印刷方法について ~種類と特徴〜

印刷とは、文字や図像などを紙や布地などの表面に転写することを指します。これは、印刷機や印刷プレスなどの機械を使用して行われることが一般的です。 印刷技術は古代から存在し、様々な方法が発展してきました。古代の印刷は、木版印刷や活版印刷、石版印刷などがあります。これらの技術では、文字や図像を木版や金属版などに彫り込んでインクを塗布し、その版面を紙や他の素材に押し付けることで印刷を行います。 近代においては、印刷技術は大きく発展し、さまざまな方法が登場しました。代表的なものとしては、平版印刷(オフセット印刷)、凸版印刷(活版印刷)、凹版印刷(グラビア印刷)、孔版印刷(スクリーン印刷)、無版印刷(オンデマンド印刷)などがあります。これらの技術は、より高速で効率的な印刷を可能にし、さまざまな用途に対応しています。 印刷は、書籍や雑誌、新聞などの出版物の制作だけでなく、広告やパッケージ、ポスター、カード、パンフレットなど様々な分野で利用されています。 また、近年では3Dプリンターといった新たな技術も登場し、製品の試作やカスタマイズ、産業用途などで利用されています。
今回は、一般的によく利用されている5種類の印刷について解説していきます。

平版印刷(オフセット印刷)は、平版印刷の一種で、インクを直接印刷素材に転写するのではなく、最初にインクを特殊な版銅からブランケットへ移し、その後、素材へ転写する技術です。 インキを付けたい箇所は親油性にしてインキを付ける。インキを付けたくない箇所を親水性にすることで、インキのコントロールをしています。 こうすることで凹凸のない平版でも印刷をすることができます。ブランケットへインキを移すのが「オフ」、印刷する用紙への転写を「セット」と呼ぶことから「オフセット印刷」とされています。 この方法により、より高品質で精密な印刷が可能となり、書籍、雑誌、チラシ、パンフレットなどの大量生産が必要な印刷物に広く使用されています。

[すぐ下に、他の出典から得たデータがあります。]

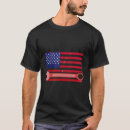 Pesquisar por bandeira inglesa roupas Sinalizador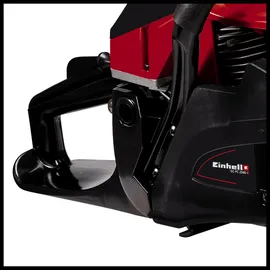 Einhell GC-PC 2040 I / 40 cm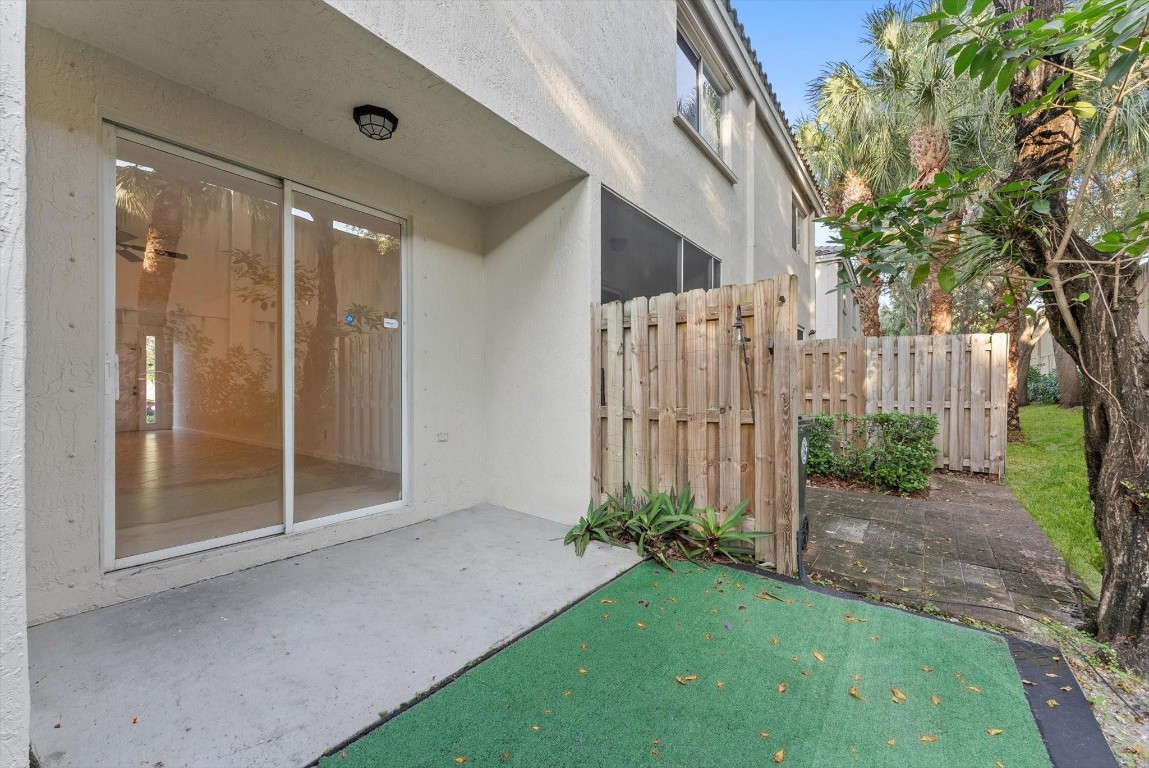 Victoria Isles - Residential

平版印刷(オフセット印刷)の用途:高品質で大量生産が必要な印刷に向いています。

活版印刷は、文字や図版を活字と呼ばれる個々の金属製の部品を組み合わせて印刷する古典的な印刷技術です。 活版印刷では、文字や図版が個別の金属製の型に刻まれ、これらの型を組み合わせて版面を作ります。版面ができたら、インキを塗り、その後紙や布などの素材に印刷をします。活版印刷は、長い間主要な印刷技術であり、書籍や新聞、ポスターなどを大量に生産するのに使われました。 しかし、近年ではデジタル印刷技術の発展により、活版印刷は一部の特殊な用途や芸術的な目的のために使用されることが一般的になりました。例えば、昔ながらの活字の版を組み合わせて使うのではなく、デジタルデータから金属の凸版を作成する方法です。 用意されている活字に制限されないのでロゴといった特殊な形状のものでも活版印刷をすることができます。他には空押しといった、凸版にインキを付けずに厚みのある紙へ強く圧力をかけて印刷することで凹凸を表現できます。 独特の雰囲気があり高級感も出るので、インビテーションや商品パッケージなどに使われています。

凸版印刷(活版印刷)の用途:現代では、こだわりのある特別な場面や用途での印刷に適しています。

グラビア印刷は、高品質な印刷物を生産するための印刷技術の一種です。この技術では、溝や凹凸のある版を使用してインキを転写し、素材表面に印刷します。 グラビア印刷では、版にインキを塗布し、ドクターブレードで余分なインキを刮り取ることで、版の溝や凹凸にのみインキを残します。その後、素材表面に圧力をかけてインキを転写し、鮮明で精密な印刷を実現します。 この技術は、高品質な写真やイラストを印刷するのに特に適しています。グラビア印刷は、雑誌、カタログ、パッケージ、広告などの印刷物で広く使用されています。グラビア(gravure)の語源はフランス語の版画といわれています。雑誌に関連したグラビアの意味は、カラーページにモデルやタレントの写真をグラビアで印刷していたことから、その箇所をグラビアページ、掲載する写真の撮影をグラビア撮影と呼称されていました。 最近では、雑誌のカラーページはオフセット印刷が使われるケースが増えており、すべてのカラーページがグラビア印刷というわけではありません。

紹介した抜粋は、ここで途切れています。